[Dataset excerpts]
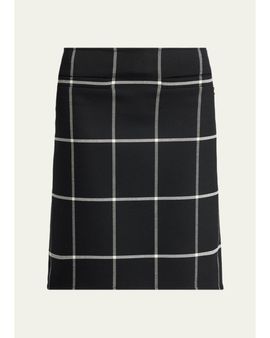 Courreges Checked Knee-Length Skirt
[/Dataset excerpts]
[Dataset excerpts]
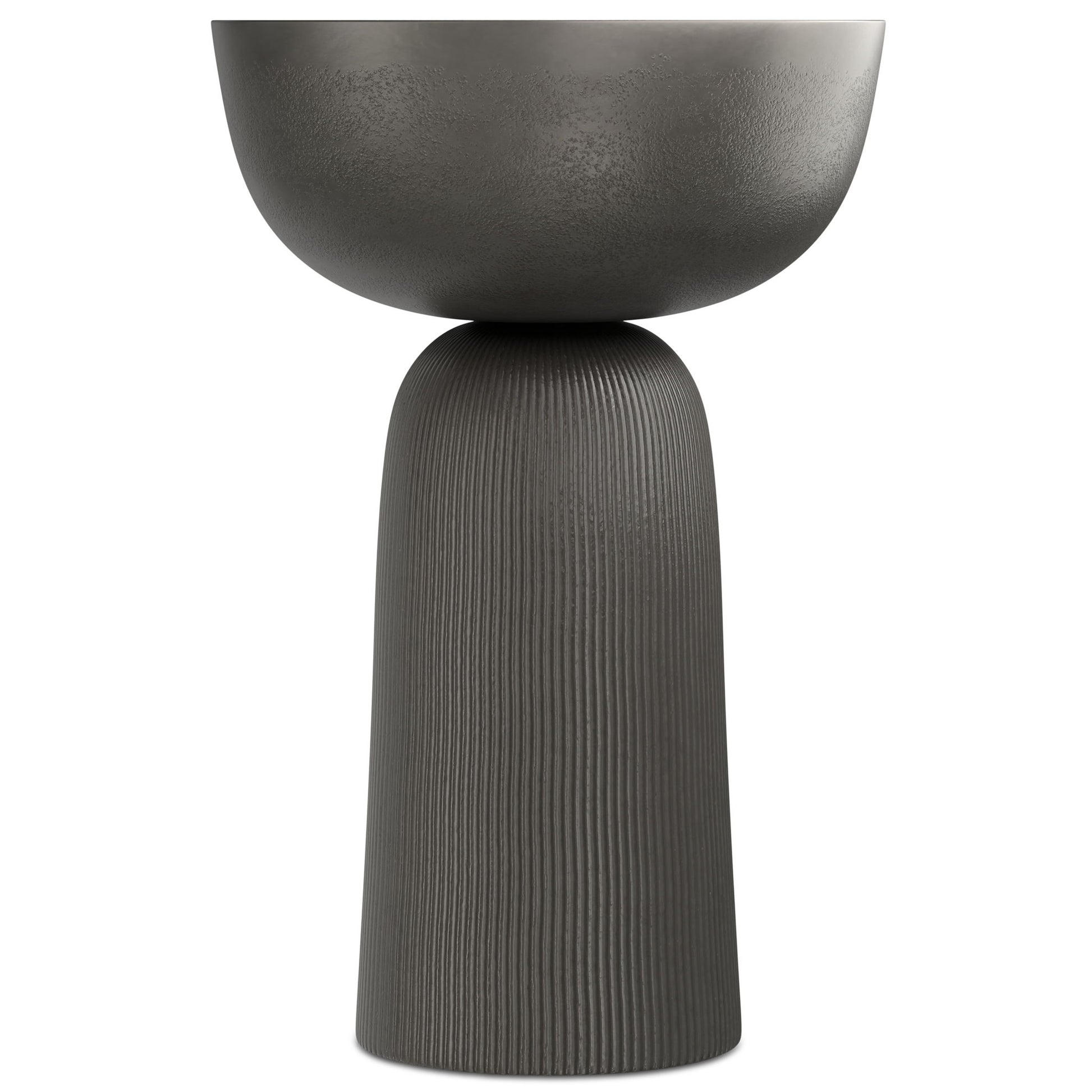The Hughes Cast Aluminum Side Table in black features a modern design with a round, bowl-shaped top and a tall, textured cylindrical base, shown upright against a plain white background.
[/Dataset excerpts]
[Dataset excerpts]
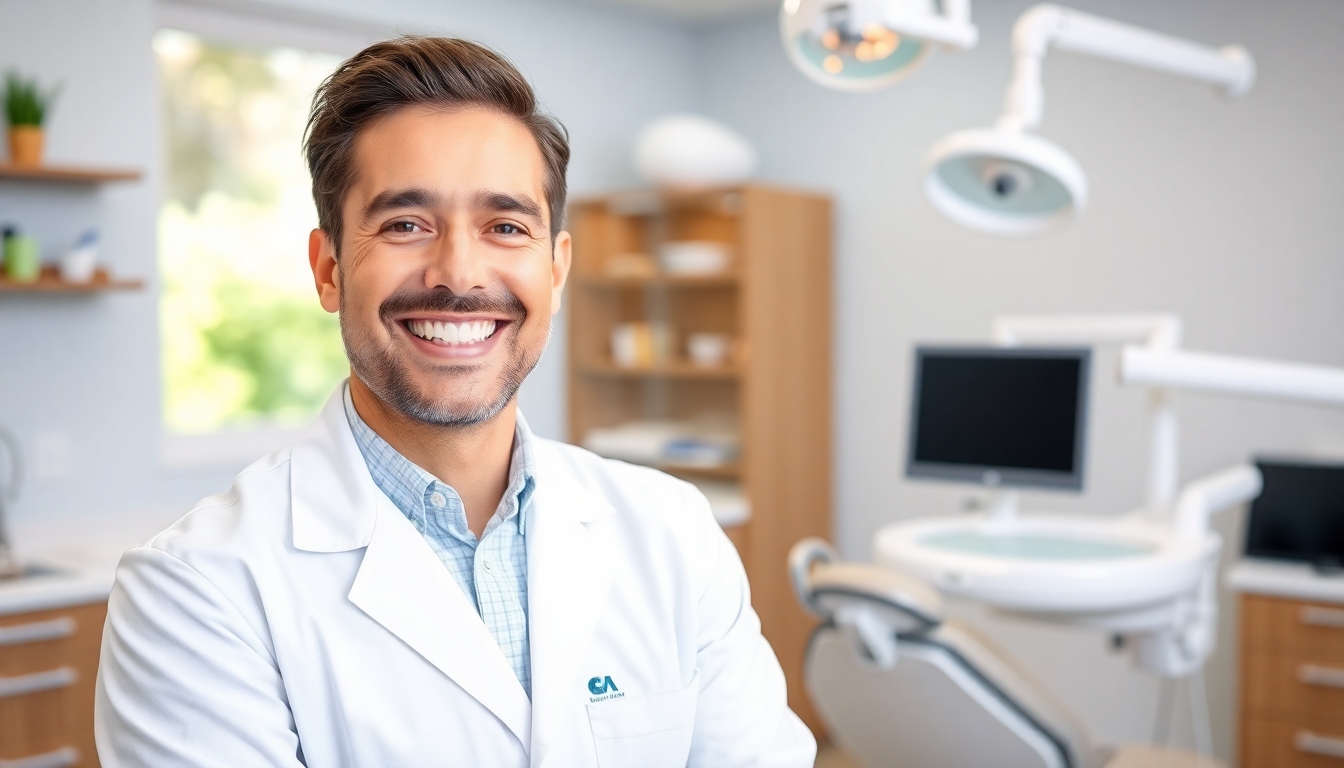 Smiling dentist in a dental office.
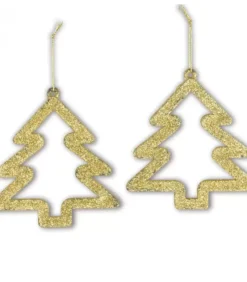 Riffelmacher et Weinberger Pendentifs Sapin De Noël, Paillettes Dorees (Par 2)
[/Dataset excerpts]
The copy should hold exactly the lines above from the one with "Smiling dentist in a dental office." through the one with "Riffelmacher et Weinberger", both ends counted, and no pictures at all.

Written response
 Smiling dentist in a dental office.
 Riffelmacher et Weinberger Pendentifs Sapin De Noël, Paillettes Dorees (Par 2)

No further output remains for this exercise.